Common Neighbors (CN)

CN is one of the most prevalent similarity calculation indices in link prediction domains due to its simplicity and effectiveness in certain areas such as scientific collaboration graphs [29] and social networks [30]. The idea behind CN is that the probability of two nodes being connected in the future is influenced by the number of their common neighbors, meaning two nodes are highly likely to form a link if they share more neighbors. This measure is defined as follows (1):

$$\begin{aligned} CN(X,Y)=|N(X)\cap N(Y)| \end{aligned}$$
(1)

where N(X) is the set of nodes adjacent to node X, and N(Y) is the set of nodes adjacent to node Y.

Jaccard coefficient (CJ)

Unlike the unnormalized CN index, CJ not only considers the number of common neighbors but also normalizes it by considering the total set of shared and unshared neighbors [31]. The formulation of this measure is as follows (2):

$$\begin{aligned} CJ(X,Y)=\frac{CN(X,Y)}{TN(X,Y)} \end{aligned}$$
(2)

where TN(XY) is the total number of neighbors of X and Y, defined as follows (3):

$$\begin{aligned} TN(X,Y)={|N(X)\cup N(Y)|} \end{aligned}$$
(3)

Adamic adar (AA)

The AA index, proposed by [28], gives more weight to relatively fewer common neighbors.

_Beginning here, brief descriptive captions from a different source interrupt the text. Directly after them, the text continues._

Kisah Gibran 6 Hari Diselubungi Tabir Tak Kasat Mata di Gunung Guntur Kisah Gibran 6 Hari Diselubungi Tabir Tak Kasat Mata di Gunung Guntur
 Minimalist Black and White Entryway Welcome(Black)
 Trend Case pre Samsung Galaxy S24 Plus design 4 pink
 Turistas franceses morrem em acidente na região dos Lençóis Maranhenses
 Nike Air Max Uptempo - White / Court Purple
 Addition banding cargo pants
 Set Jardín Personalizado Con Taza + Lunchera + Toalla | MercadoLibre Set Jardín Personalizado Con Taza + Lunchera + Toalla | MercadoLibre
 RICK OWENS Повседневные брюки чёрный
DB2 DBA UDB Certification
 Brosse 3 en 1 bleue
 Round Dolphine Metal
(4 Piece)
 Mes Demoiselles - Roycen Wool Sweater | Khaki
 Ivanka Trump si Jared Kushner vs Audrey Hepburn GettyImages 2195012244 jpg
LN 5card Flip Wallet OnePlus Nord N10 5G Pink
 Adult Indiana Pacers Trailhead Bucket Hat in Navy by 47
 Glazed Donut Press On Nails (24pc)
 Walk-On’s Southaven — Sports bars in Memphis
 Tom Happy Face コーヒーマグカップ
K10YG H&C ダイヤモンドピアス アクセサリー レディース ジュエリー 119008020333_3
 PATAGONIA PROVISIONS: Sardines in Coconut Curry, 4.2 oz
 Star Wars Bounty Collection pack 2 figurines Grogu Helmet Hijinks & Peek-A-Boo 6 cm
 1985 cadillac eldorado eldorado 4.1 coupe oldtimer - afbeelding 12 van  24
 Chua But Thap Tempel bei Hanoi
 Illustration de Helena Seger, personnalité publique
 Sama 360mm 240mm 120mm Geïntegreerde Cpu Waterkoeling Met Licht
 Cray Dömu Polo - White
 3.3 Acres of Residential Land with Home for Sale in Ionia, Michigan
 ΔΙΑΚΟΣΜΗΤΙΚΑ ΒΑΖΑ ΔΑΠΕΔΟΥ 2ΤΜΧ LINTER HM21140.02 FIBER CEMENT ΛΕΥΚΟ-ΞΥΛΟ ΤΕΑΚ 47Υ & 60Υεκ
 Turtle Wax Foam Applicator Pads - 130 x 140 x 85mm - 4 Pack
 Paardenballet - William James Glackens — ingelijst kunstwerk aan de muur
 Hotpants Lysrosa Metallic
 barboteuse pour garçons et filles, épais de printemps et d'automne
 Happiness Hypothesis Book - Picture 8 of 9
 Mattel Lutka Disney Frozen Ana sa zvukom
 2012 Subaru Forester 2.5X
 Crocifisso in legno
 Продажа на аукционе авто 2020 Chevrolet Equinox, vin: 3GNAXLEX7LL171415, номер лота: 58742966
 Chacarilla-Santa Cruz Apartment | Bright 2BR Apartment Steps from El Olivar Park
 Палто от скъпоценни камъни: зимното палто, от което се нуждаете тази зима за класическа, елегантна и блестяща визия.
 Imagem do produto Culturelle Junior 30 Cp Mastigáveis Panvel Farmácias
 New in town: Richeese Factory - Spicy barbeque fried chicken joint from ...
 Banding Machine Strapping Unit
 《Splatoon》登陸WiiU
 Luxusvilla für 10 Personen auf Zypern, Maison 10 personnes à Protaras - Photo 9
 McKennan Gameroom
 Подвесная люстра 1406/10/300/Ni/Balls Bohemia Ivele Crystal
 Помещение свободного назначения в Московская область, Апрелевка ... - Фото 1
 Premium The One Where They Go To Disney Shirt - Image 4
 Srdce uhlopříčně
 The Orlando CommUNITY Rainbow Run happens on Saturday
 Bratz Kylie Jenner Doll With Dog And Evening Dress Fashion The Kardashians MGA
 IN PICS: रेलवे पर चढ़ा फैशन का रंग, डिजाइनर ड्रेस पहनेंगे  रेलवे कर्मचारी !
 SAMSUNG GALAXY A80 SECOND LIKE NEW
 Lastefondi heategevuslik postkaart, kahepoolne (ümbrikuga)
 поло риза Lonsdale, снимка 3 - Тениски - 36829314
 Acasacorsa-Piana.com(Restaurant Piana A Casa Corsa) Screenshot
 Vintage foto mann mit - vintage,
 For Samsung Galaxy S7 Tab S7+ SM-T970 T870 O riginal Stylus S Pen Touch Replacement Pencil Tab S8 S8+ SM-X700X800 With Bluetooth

In the AA formula, the shared neighbors of two nodes are penalized by the logarithm of their degrees as follows (4):

$$\begin{aligned} AA(X,Y)=\sum _{u\in \begin{array}{c} N(X)\cap N(Y) \end{array}}\frac{1}{\log |N(u)|} \end{aligned}$$
(4)

Preferential attachment (PA)

It has been shown by [29] that new nodes joining the network are highly likely to be connected to an existing node with higher degrees rather than to a node with lower degrees. Thus, the PA index was proposed (5):

$$\begin{aligned} PA(X,Y)=|N(X)|*|N(Y)| \end{aligned}$$
(5)

Resource allocation (RA)

An RA index, very similar to AA, was proposed by [15]. Some studies show that the performances of RA and AA are very close when the average degree of the network is low. However, PA outperforms RA when the average degree of the network is high [32, 33]. The RA measure is defined as follows (6):

$$\begin{aligned} RA(X,Y)=\sum _{u\in \begin{array}{c} N(X)\cap N(Y) \end{array}}\frac{1}{|N(u)|} \end{aligned}$$
(6)

Length-3 paths (L3)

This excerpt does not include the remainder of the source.